Manatee County School District employees’ W-2 tax forms may have been compromised as a result of a cyberattack, the district announced to its employees Friday evening.
School district officials learned of the breach late Friday afternoon, Superintendent Diana Greene told employees in an email.
“As a result of this attack, employee W-2’s have allegedly been compromised,” Greene said in the email.
The IRS and FBI had already been contacted when the email went out, and Greene said the district was providing the federal agencies information for their investigation into the attack and in an effort to stop the misuse of any data from the annual earnings statements that may have been compromised.
The school district’s insurance agency was contacted immediately to confirm that all employees are covered by AllClear ID, an identity protection service, but the district is still awaiting a response, according to Greene’s email.
Greene told the Bradenton Herald Saturday that the district will be ensuring that all employees are covered by AllClear ID for the next year for their protection.
“We will be giving more information to our employees beginning Monday,” Greene said.
Employees will be updated on their coverage, which will include credit monitoring, and they will be provided a hotline to call the support center for additional information, she added.

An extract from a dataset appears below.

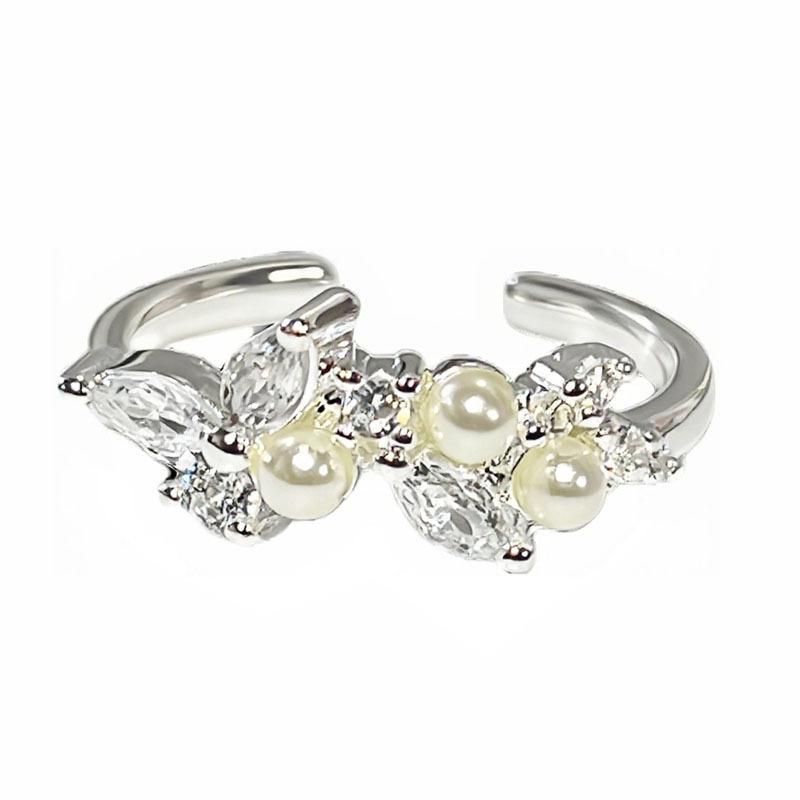 French Gentle Wind Internet Celebrity Pearl Bow New Full Diamond Light Luxury Ring Women's Unique Niche High Sense Ring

“Our number one goal was to contact the IRS and the FBI as well as contact our insurance company,” Green said.
Starting on Monday, a full investigation in the attack will begin, she said. And while they do not know for sure whether employees’ information was compromised, none of the students’ information was breached, she added.
The IRS issued an urgent alert Thursday to the public regarding an ongoing cyberattack, calling it a W-2 email phishing scam that had first hit corporations, but victims now include school districts, tribal organizations and nonprofits.
“This is one of the most dangerous email phishing scams we’ve seen in a long time. It can result in the large-scale theft of sensitive data that criminals can use to commit various crimes, including filing fraudulent tax returns. We need everyone’s help to turn the tide against this scheme,” IRS Commissioner John Koskinen said in a news release.
When the theft of data is immediately reported, the IRS said, the agency can take steps to help protect employees from tax-related identity theft that could follow.
According to the IRS, the scam works when the “cybercriminals use various spoofing techniques to disguise an email to make it appear as if it is from an organization executive. The email is sent to an employee in the payroll or human resources departments, requesting a list of all employees and their Forms W-2. This scam is sometimes referred to as business email compromise or business email spoofing.”
The scam, which first appeared last year, has reappeared earlier this tax season and to a broader cross-section of organizations, according to the IRS.
“It is important for you to know that we are still gathering facts as to what occurred and how we can best respond,” Greene said in her email to district employees. “Although we don't have all of the facts at our disposal at this time, we wanted to notify you as soon as possible so that you could closely monitor your personal information for any unauthorized activity.”